## Task details
The expected output is the data below, character for character, without its pictures.

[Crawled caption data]

*** Block opens ***

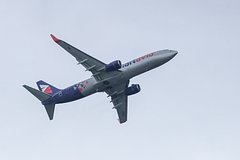 Россиянин открыл аварийный люк самолета из-за жары в салоне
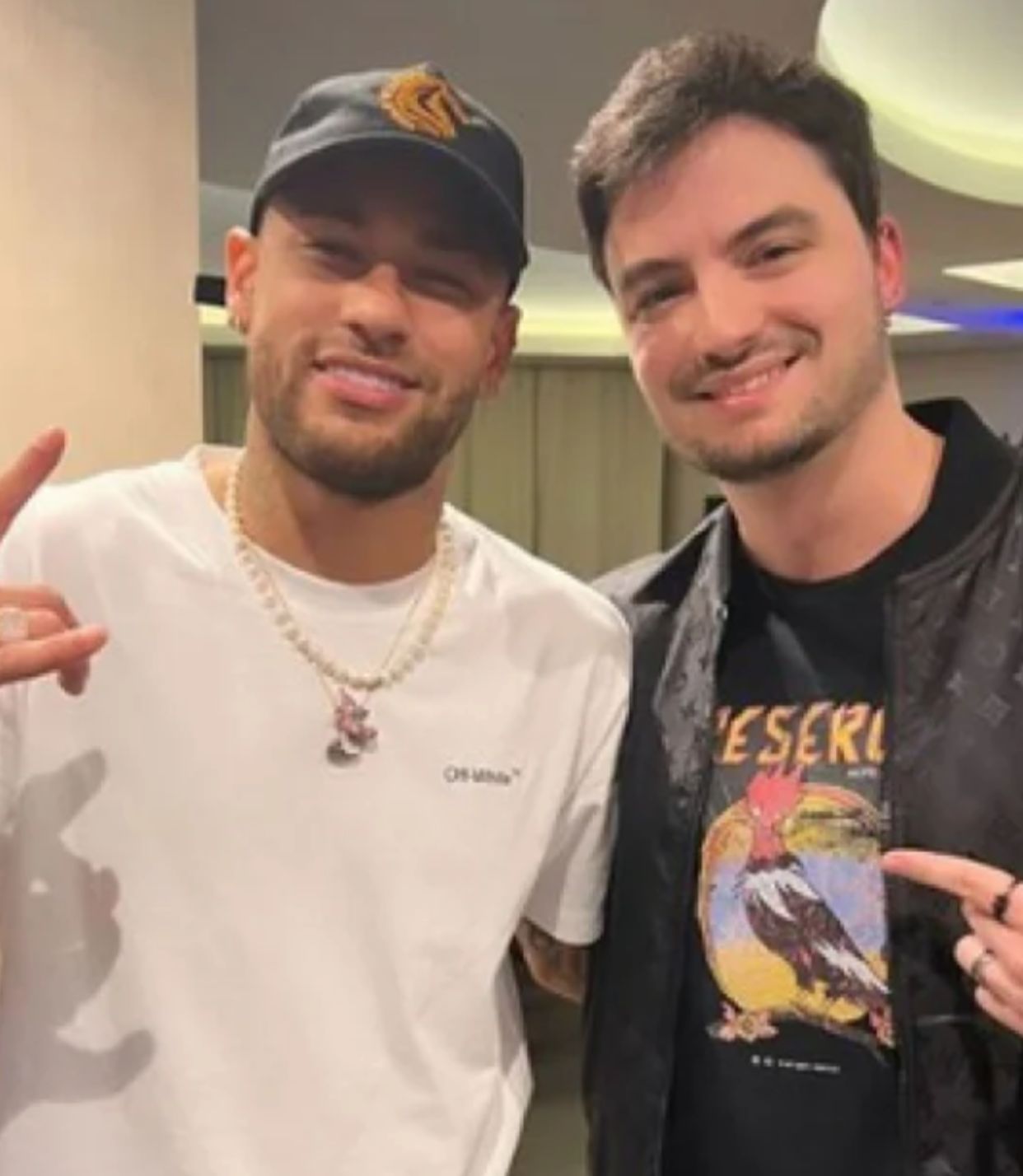 Felipe Neto deixa de seguir Neymar, explica motivo e alfineta jogador: ‘nem vota'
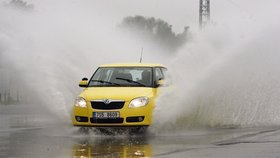 Fontány vody při aquaplaningu znamenají, že vůz jede rychleji než 80 km/hod.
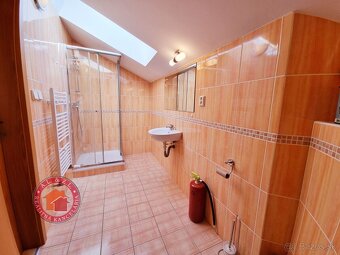 Nezariadený 4 izbový BYT v SENCI - centrum - 6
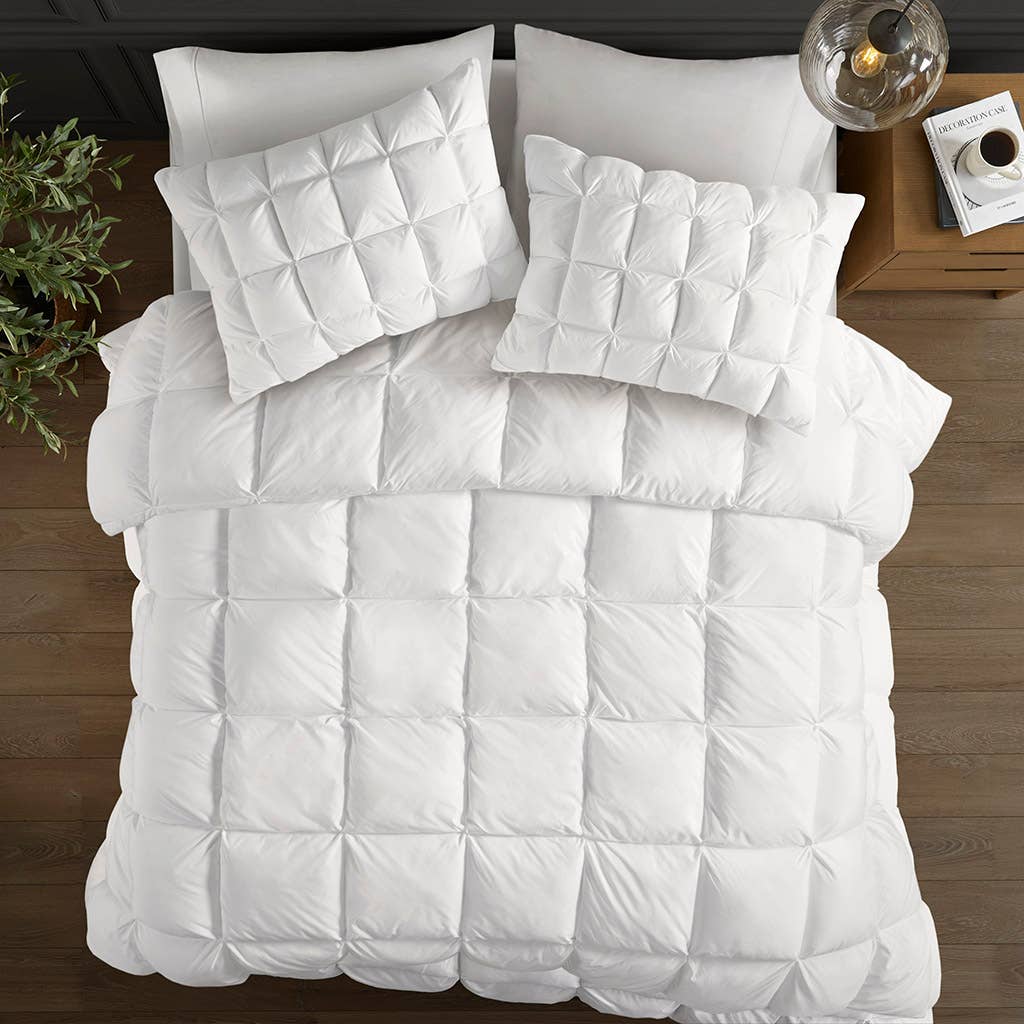 Stay Puffed Overfilled Down Alternative Comforter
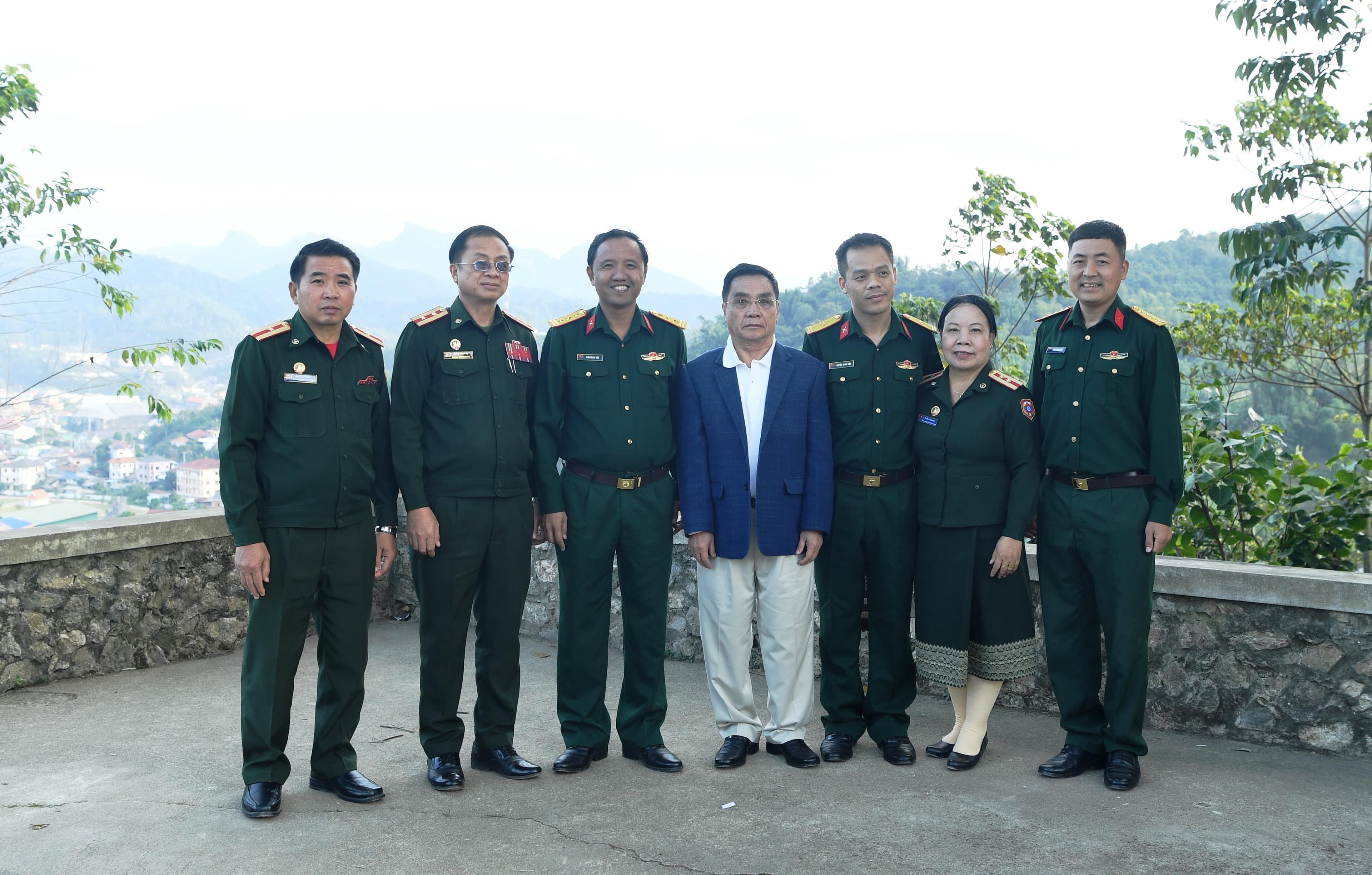 Bài 1: Bản tình ca Viengxay, Sầm Nưa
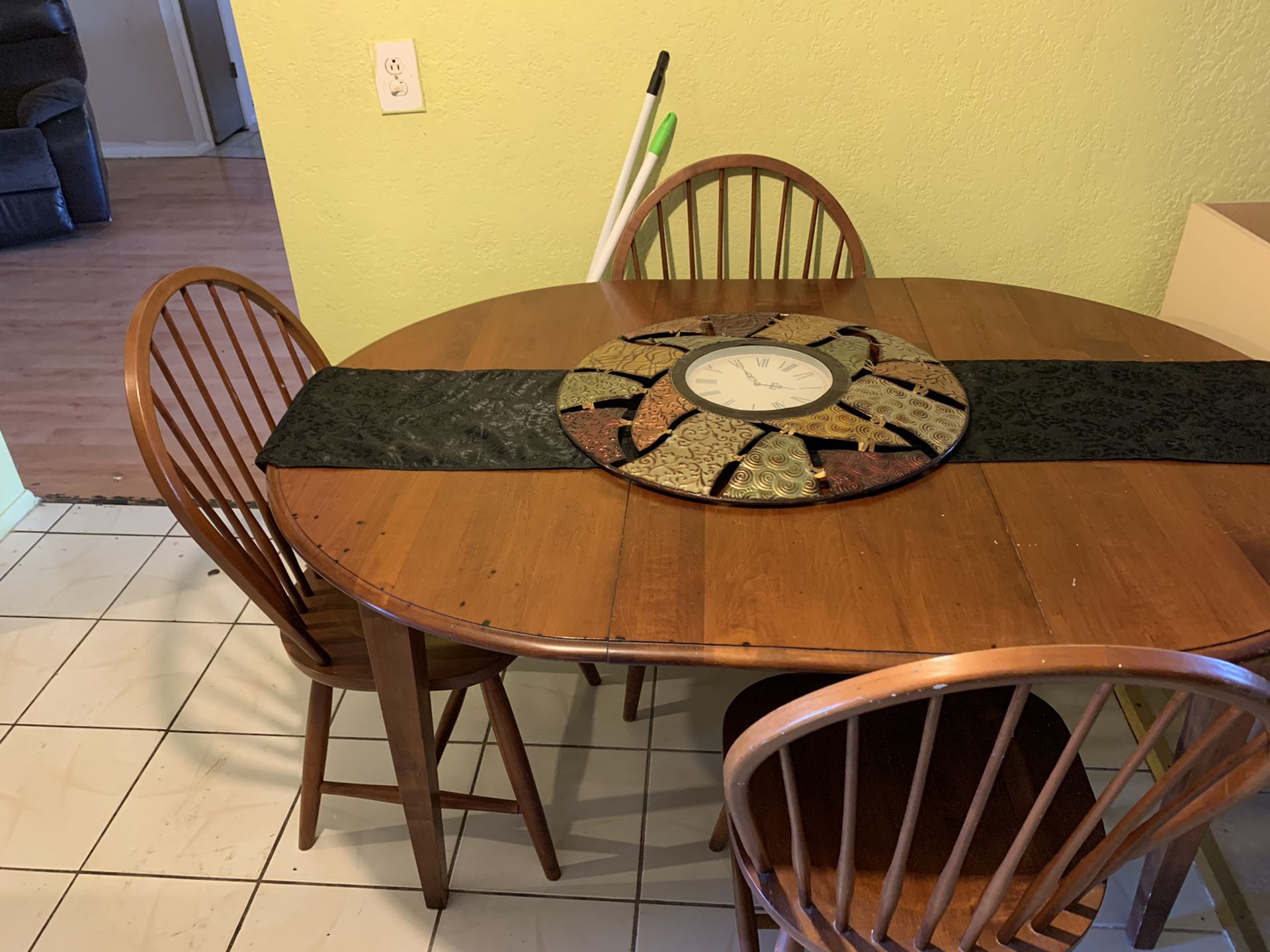 Kitchen table with 4 chairs clock and runner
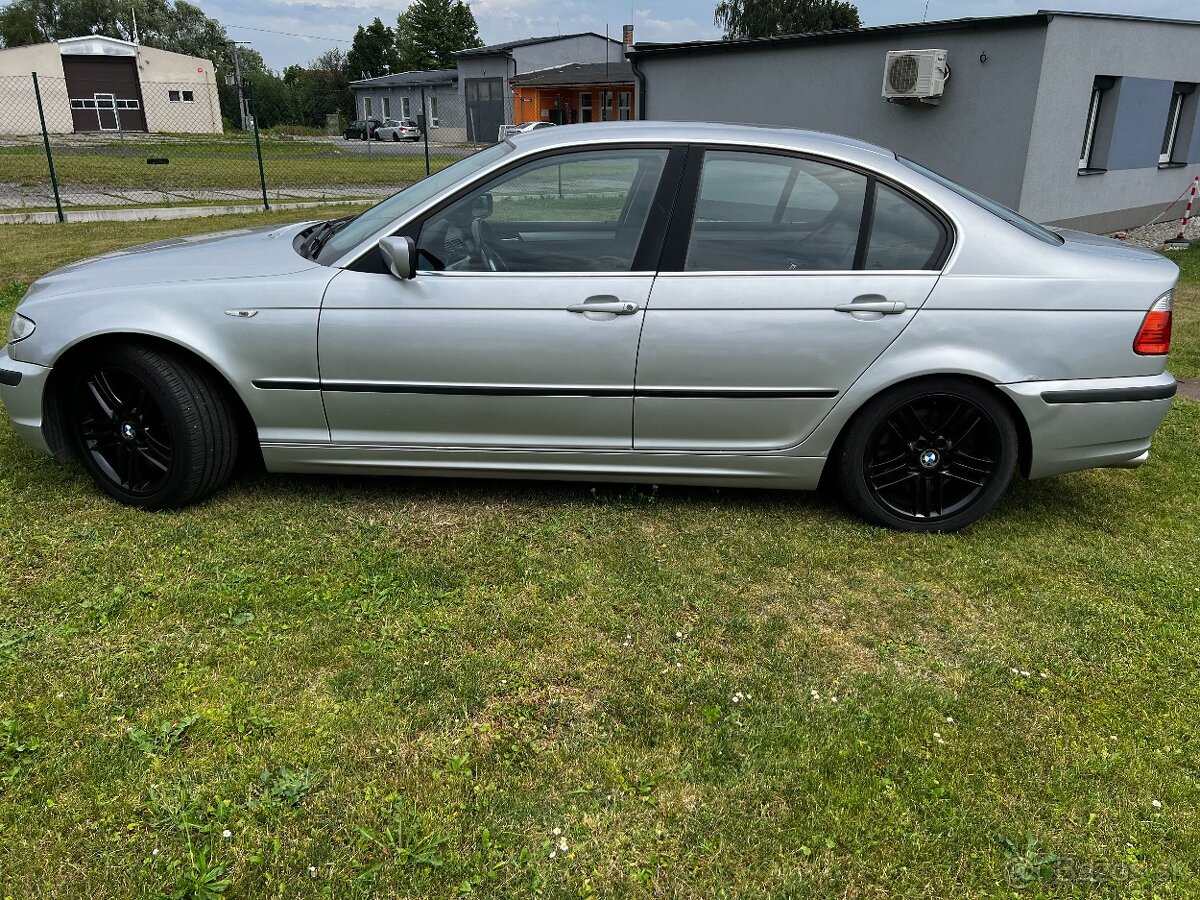 BMW Řada 3 330i M-PAKET KŮŽE ALU SERVISKA - 8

*** Block closes ***

## Written response
 Россиянин открыл аварийный люк самолета из-за жары в салоне
 Felipe Neto deixa de seguir Neymar, explica motivo e alfineta jogador: ‘nem vota'
 Fontány vody při aquaplaningu znamenají, že vůz jede rychleji než 80 km/hod.
 Nezariadený 4 izbový BYT v SENCI - centrum - 6
 Stay Puffed Overfilled Down Alternative Comforter
 Bài 1: Bản tình ca Viengxay, Sầm Nưa
 Kitchen table with 4 chairs clock and runner
 BMW Řada 3 330i M-PAKET KŮŽE ALU SERVISKA - 8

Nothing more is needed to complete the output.